─── The records ───
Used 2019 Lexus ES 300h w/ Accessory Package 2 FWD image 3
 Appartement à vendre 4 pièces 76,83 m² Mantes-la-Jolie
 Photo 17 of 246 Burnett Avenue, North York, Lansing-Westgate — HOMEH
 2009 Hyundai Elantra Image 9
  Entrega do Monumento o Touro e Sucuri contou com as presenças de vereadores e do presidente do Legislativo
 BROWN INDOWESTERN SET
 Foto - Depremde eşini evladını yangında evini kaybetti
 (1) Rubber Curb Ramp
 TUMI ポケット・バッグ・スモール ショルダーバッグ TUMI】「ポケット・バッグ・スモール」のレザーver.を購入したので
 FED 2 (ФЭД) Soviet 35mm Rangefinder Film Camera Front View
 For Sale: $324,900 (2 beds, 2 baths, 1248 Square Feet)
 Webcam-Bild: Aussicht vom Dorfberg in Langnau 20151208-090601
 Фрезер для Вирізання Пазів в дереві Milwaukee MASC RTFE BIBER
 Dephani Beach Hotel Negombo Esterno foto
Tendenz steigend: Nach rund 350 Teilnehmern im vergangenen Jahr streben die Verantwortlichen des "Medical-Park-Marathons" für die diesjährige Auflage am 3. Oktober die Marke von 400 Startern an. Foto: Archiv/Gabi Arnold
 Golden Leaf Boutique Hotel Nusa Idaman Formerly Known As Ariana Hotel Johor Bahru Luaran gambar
───
- _What you will do_: Lines from the one containing "Фрезер для Вирізання" through the final line of the entries are the only ones to print, and each must match exactly.

- _Written answer_:
 Фрезер для Вирізання Пазів в дереві Milwaukee MASC RTFE BIBER
 Dephani Beach Hotel Negombo Esterno foto
Tendenz steigend: Nach rund 350 Teilnehmern im vergangenen Jahr streben die Verantwortlichen des "Medical-Park-Marathons" für die diesjährige Auflage am 3. Oktober die Marke von 400 Startern an. Foto: Archiv/Gabi Arnold
 Golden Leaf Boutique Hotel Nusa Idaman Formerly Known As Ariana Hotel Johor Bahru Luaran gambar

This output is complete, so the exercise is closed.